Gold traders are trying to access the policy changes to be undertaken by the incoming Joe Biden administration
Gold is typically considered a hedge against inflation and currency debasement that can result from widespread stimulus
Gold and silver prices edged higher in Indian markets, tracking higher global rates. On MCX, February gold futures rose 0.27% to ₹49,115 per 10 gram while silver gained 0.3% to ₹66,234 per kg. In the previous session, gold and silver had risen 0.2% and 0.9% respectively. In global markets, gold rates moved higher following a weaker US dollar amid expectations of a massive US stimulus.
Janet Yellen, US President-elect Joe Biden's Treasury Secretary nominee, on Tuesday at her confirmation hearing urged lawmakers to "act big" on coronavirus relief spending. This buttressed gold's appeal as an inflation hedge and pressured the dollar. At the same time, Yellen, the former US Fed chairperson, did not say she backs a “strong" dollar.
Spot gold rates today gained 0.5% to $1,848.30 per ounce while the dollar index fell 0.14% to 90.345. The US treasury yields also fell. Lower Treasury yields reduce the opportunity cost of holding non-yielding bullion.
Joe Biden is set to be sworn into office today and investors will be focused on his $1.9 trillion stimulus package plan to boost the economy.
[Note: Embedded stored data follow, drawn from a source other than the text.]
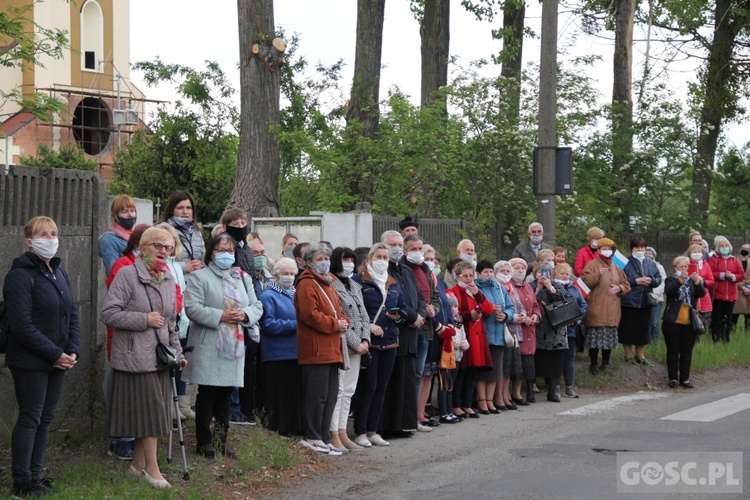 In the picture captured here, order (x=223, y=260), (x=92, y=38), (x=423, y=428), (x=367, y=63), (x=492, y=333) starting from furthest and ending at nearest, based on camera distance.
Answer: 1. (x=92, y=38)
2. (x=367, y=63)
3. (x=492, y=333)
4. (x=423, y=428)
5. (x=223, y=260)

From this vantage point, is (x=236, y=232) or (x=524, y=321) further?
(x=524, y=321)

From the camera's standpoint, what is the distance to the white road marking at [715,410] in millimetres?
13117

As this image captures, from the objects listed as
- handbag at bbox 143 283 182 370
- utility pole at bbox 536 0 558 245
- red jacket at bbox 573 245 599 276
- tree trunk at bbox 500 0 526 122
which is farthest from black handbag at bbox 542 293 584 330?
tree trunk at bbox 500 0 526 122

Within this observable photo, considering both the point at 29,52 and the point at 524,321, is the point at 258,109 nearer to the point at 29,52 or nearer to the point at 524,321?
the point at 29,52

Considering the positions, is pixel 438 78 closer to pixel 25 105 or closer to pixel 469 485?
pixel 25 105

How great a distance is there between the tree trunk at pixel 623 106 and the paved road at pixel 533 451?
1165 centimetres

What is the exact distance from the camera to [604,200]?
83.4ft

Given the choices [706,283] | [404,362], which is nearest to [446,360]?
[404,362]

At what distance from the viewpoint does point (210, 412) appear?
9.79 meters

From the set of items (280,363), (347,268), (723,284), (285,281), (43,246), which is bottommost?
(280,363)

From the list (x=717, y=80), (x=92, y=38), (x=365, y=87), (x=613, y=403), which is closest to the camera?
(x=613, y=403)

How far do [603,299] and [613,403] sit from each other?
1891 mm

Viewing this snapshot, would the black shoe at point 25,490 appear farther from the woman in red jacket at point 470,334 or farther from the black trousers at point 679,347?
the black trousers at point 679,347

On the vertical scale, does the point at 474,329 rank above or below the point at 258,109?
below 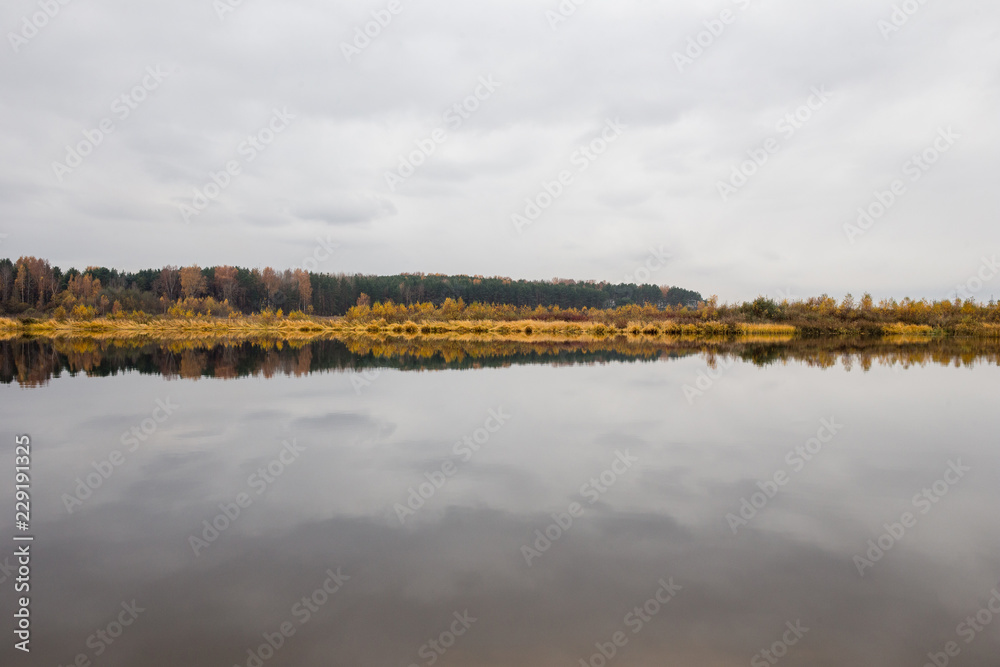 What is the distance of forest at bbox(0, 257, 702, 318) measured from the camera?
66.4 m

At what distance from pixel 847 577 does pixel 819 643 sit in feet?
2.69

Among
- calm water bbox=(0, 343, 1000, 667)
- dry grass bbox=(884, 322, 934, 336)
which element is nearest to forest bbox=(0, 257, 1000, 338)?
dry grass bbox=(884, 322, 934, 336)

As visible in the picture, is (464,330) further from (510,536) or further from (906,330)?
(510,536)

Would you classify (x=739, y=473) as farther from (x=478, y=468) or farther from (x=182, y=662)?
(x=182, y=662)

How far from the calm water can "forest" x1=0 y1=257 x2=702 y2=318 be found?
55.2 metres

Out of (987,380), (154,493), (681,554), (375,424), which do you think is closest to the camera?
(681,554)

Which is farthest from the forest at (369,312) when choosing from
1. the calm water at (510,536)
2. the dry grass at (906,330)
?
the calm water at (510,536)

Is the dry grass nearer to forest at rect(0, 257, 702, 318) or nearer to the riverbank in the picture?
the riverbank

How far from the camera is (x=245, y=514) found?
4.29 m

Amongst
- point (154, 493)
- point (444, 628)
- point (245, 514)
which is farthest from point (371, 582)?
point (154, 493)

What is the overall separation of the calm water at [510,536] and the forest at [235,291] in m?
55.2

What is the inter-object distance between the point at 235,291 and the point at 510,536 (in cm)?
9074

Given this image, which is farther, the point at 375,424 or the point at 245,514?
the point at 375,424

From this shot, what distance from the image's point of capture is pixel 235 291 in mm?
84688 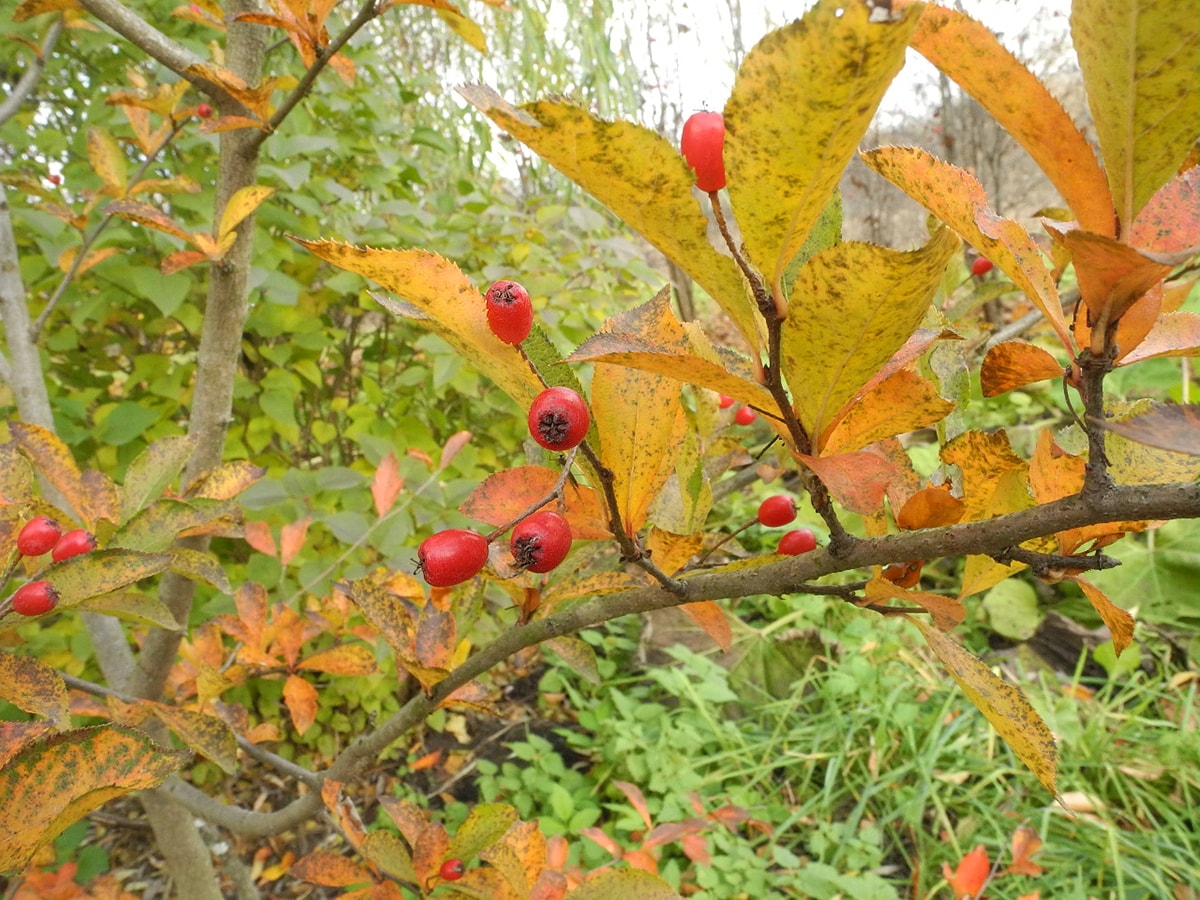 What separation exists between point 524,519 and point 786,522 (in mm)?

"Market players are trying to assess what will be policy changes taken. Biden has already proposed an expansive $1.9 trillion stimulus package however market players want more clarity about other issues like tax hike, US-China relation, currency market involvement etc," Kotak Securities said in a note.
Gold is considered a hedge against inflation and currency debasement that can result from widespread stimulus. After strong gains last year, gold has declined this year as Treasury yields gained along with the US currency. In August last year, gold had hit a record high of ₹56,200 per 10 gram in global markets.
Among other precious metals, silver climbed 0.9% to $25.42 an ounce while platinum rose 1.2% to $1,096.23 and palladium gained 0.4% to $2,361.79.
"Gold may continue to witness choppy trade unless there are fresh triggers however the general bias may be on the upside as prospect of US stimulus and concerns about rising virus cases may continue to support prices," the brokerage added.
The World Gold Council in its outlook for this year said that the investment demand for gold will remain supported this year as investors navigate potential portfolio risks "including ballooning budget deficits, inflationary pressures, and market corrections amid already high equity valuations."
Gold consumption should benefit from the nascent economic recovery, especially in emerging markets, it added.